◆ Information shown:
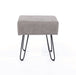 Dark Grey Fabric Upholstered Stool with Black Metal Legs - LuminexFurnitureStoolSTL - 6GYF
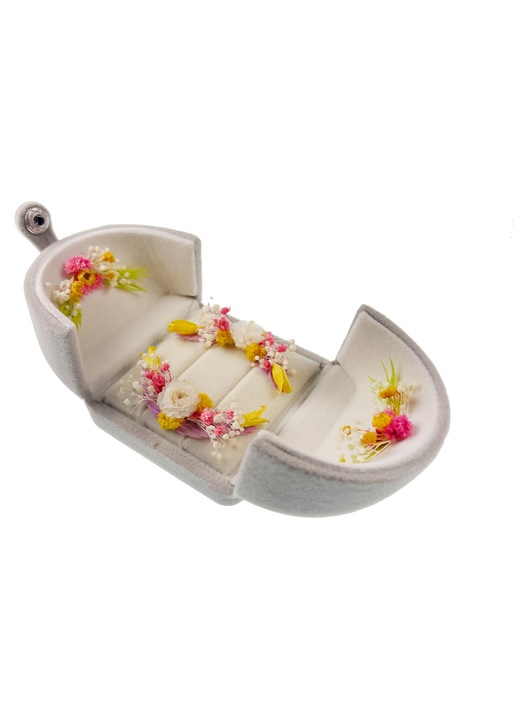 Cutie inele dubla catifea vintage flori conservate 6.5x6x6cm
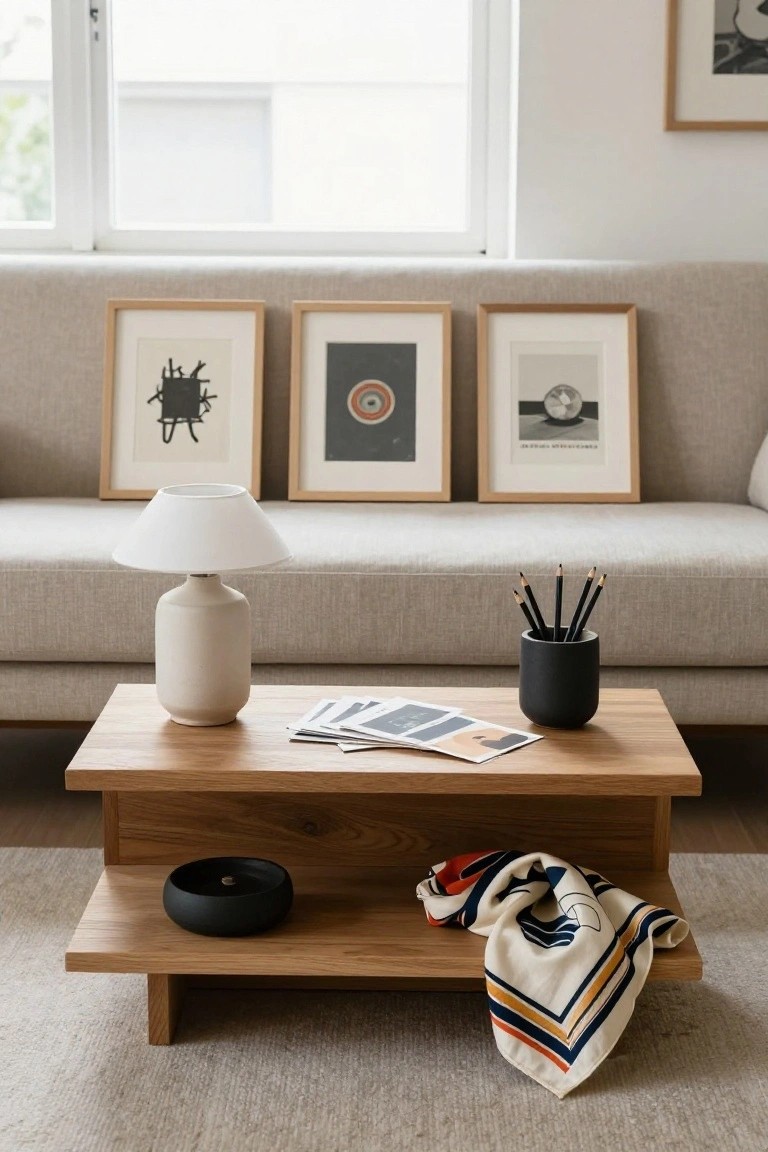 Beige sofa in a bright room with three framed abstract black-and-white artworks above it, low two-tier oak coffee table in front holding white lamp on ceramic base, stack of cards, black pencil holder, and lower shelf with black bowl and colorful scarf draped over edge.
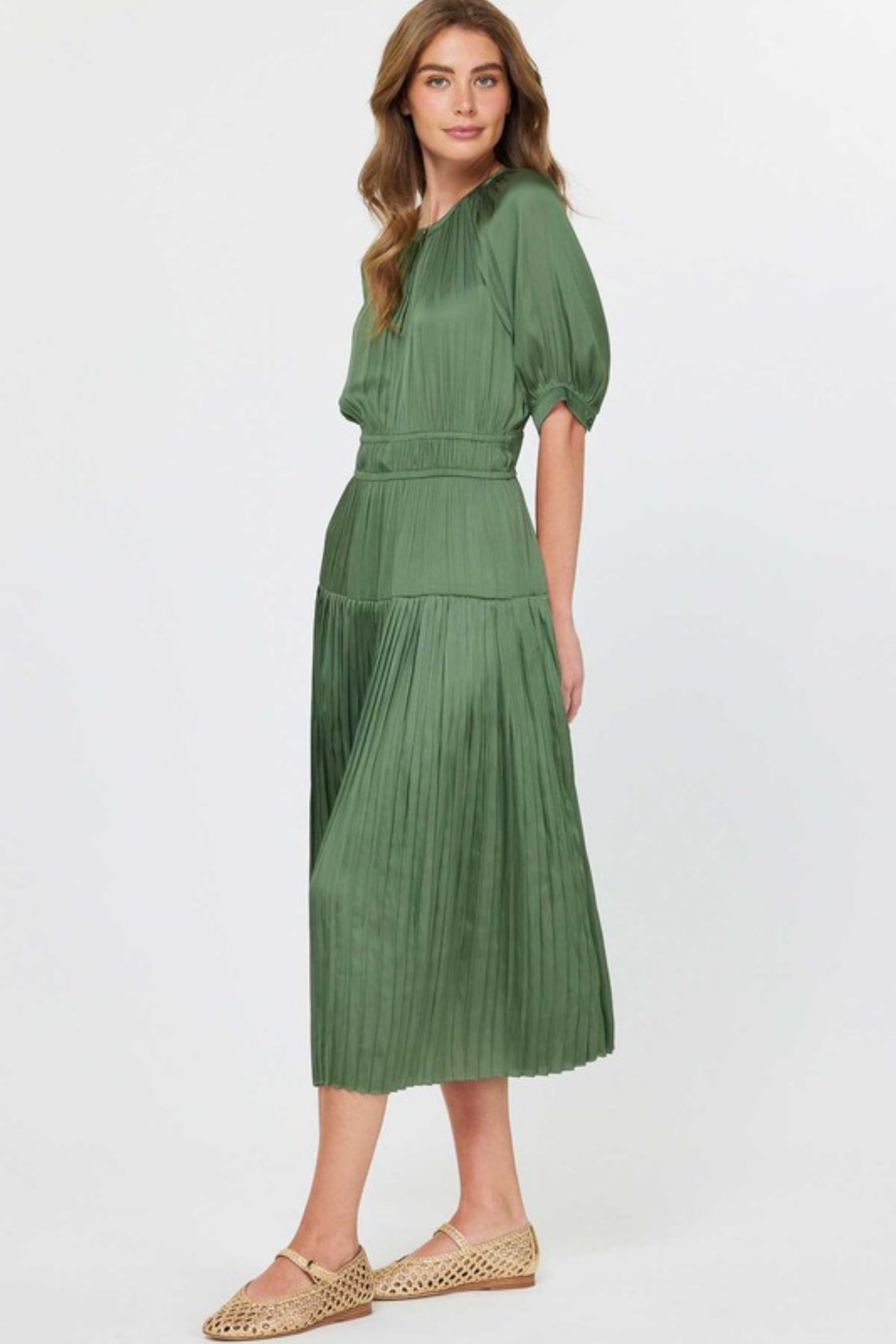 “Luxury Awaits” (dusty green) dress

◆ Exercise brief:
The copy runs from the line containing "Cutie inele dubla" through the last line of the material, both ends included. Reproduce those lines exactly and drop the pictures.

◆ Task result:
 Cutie inele dubla catifea vintage flori conservate 6.5x6x6cm
 Beige sofa in a bright room with three framed abstract black-and-white artworks above it, low two-tier oak coffee table in front holding white lamp on ceramic base, stack of cards, black pencil holder, and lower shelf with black bowl and colorful scarf draped over edge.
 “Luxury Awaits” (dusty green) dress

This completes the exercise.